PENSAMENTO PLURAL As sombras da democracia e o eco na loja de informática, por Palmarí de Lucena
Em sua crônica, o escritor Palmarí de Lucena revela que estava em loja de informática, quando testemunhou a vitória de Trump ressoando como resistência silenciosa ao globalismo. “Um senhor celebrava, jovens observavam, e a política americana influenciava as inquietações brasileiras. A democracia enfrenta desafios locais e globais, exigindo vigilância e compromisso para preservar liberdades diante da ascensão de retóricas autoritárias”, postula Palmarí. Confira íntegra…
Durante uma visita a uma loja de informática, testemunhei uma cena que refletia as inquietações do nosso tempo. Um senhor brasileiro, rosto marcado pelo tempo, comemorava a vitória de Trump como se fosse um triunfo pessoal contra os “globalistas”. Curioso, perguntei quem seriam esses globalistas, mas ele se calou, deixando a questão no ar, envolta em mistério.
Ao redor, três funcionários jovens observavam em silêncio, mas suas expressões sugeriam simpatia pela fala do senhor. Aquele pequeno espaço de monitores e cabos parecia encapsular uma resistência silenciosa à globalização — uma ideia vaga, mas carregada de receios e desconfianças. Não era apenas sobre política; era sobre identidade e um anseio de preservar algo que, para eles, parecia estar se perdendo em um mundo cada vez mais interconectado.

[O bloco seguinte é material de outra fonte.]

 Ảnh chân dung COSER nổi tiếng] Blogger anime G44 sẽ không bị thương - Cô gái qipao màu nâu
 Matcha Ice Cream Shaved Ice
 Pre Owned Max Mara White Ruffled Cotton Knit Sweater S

A vitória de Trump ressoava com uma força inesperada. Conhecido por sua retórica divisiva, ele retorna ao poder nos Estados Unidos acompanhado por uma comitiva que, no desprezo pelo Estado de Direito e pela liberdade, ameaça valores democráticos não só em seu país, mas globalmente. Esse evento, que para alguns parece distante, simboliza uma crise democrática com implicações em cada canto do mundo, até em uma pequena loja de informática.
A retórica de Trump alimenta o autoritarismo onde a democracia já vacila. Líderes autocráticos, inspirados por sua vitória, veem nela uma justificativa para suas próprias ambições antidemocráticas. Se a democracia pode enfraquecer no “berço da liberdade,” por que seria imune em outros lugares? Diante dessa realidade, muitos buscam agentes externos como culpados — a Rússia, por exemplo, com suas já conhecidas interferências. Contudo, a responsabilidade última é dos eleitores americanos. Agora, cabe a eles e a todos nós proteger as liberdades e preservar a democracia.

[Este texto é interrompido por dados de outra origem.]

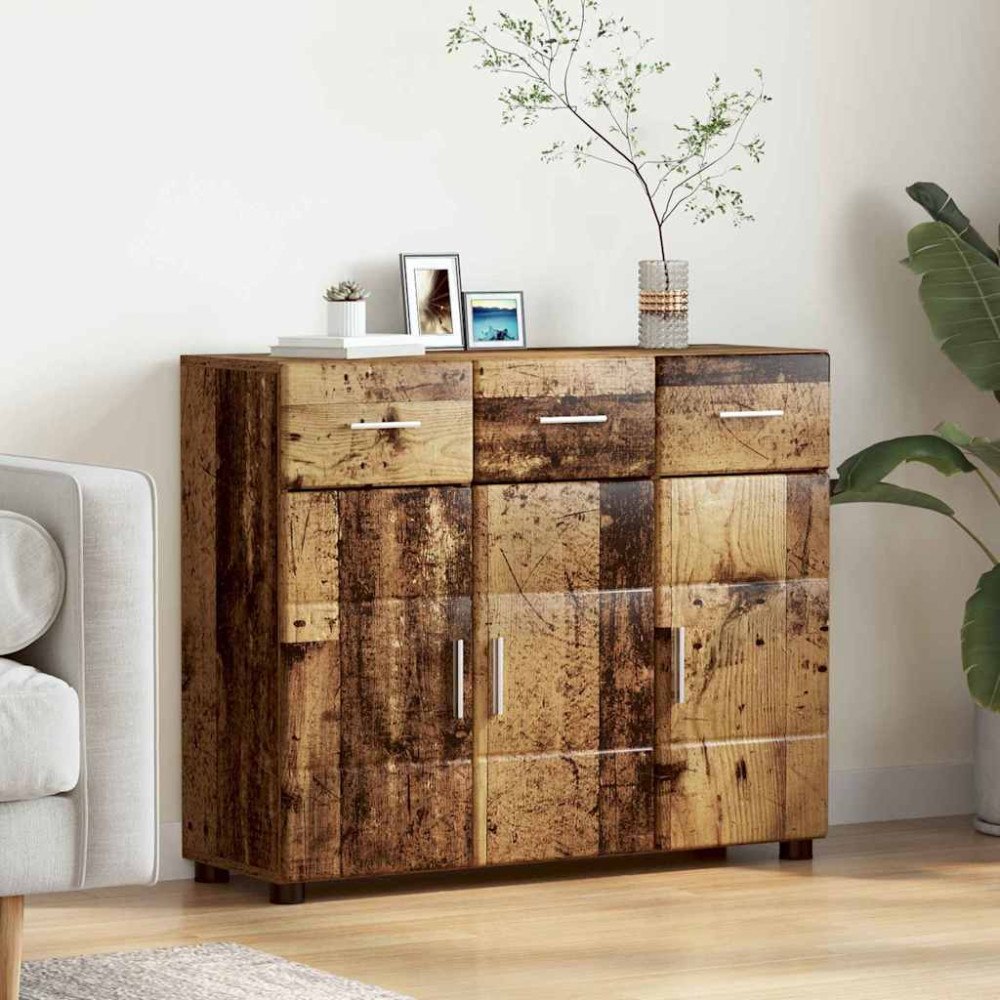 vidaXL Sideboard Gammalt trä 88,5 x 30,5 x 73 cm Konstruerat trä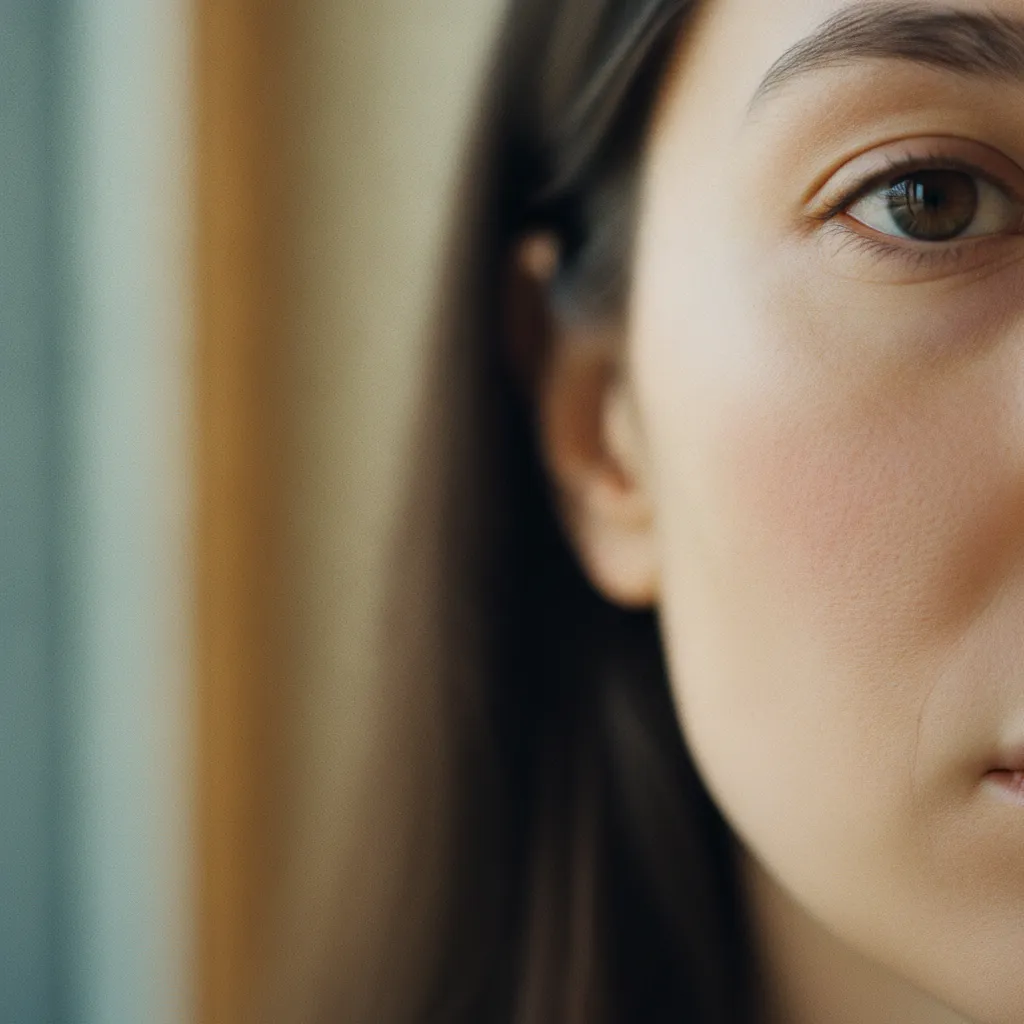 Grain de peau affiné après plusieurs semaines d'utilisation régulière de niacinamide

A pergunta que ecoa é: o que fazer? Este momento exige compromisso com a resiliência democrática. É imperativo que o mundo aprenda com essa experiência e fortaleça suas liberdades civis e instituições, promovendo valores que unam, ao invés de dividir. A liderança de Trump, embora impulsiva, carrega um poder de influência perigoso, e sua retórica populista aumenta a urgência de defender os princípios democráticos.
Ao sair da loja, aquele episódio continuava a reverberar em minha mente. A simpatia pelo anti-globalismo, o olhar atento dos funcionários, o entusiasmo do senhor — tudo parecia refletir algo maior: uma luta silenciosa e profunda por controle, identidade e pertencimento. Entre prateleiras de tecnologia, monitores e teclados, ecoava uma preocupação com o futuro e o papel que todos desempenhamos na preservação das liberdades.
No Brasil, a democracia também enfrenta desafios próprios. Com um Legislativo fortalecido por emendas parlamentares e a ascensão de pautas direitistas, cresce a influência de agendas que visam limitar direitos e transformar valores seculares em normas políticas. Ao mesmo tempo, a “evangelização” da democracia brasileira — onde setores religiosos buscam moldar as políticas públicas conforme suas doutrinas — coloca em risco a pluralidade e a laicidade que devem ser pilares de qualquer democracia.
Esse contexto, inspirado e ampliado pelo fenômeno Trump, exige vigilância e mobilização dos que prezam por uma sociedade inclusiva, onde as instituições permaneçam comprometidas com a liberdade e o respeito às diferenças.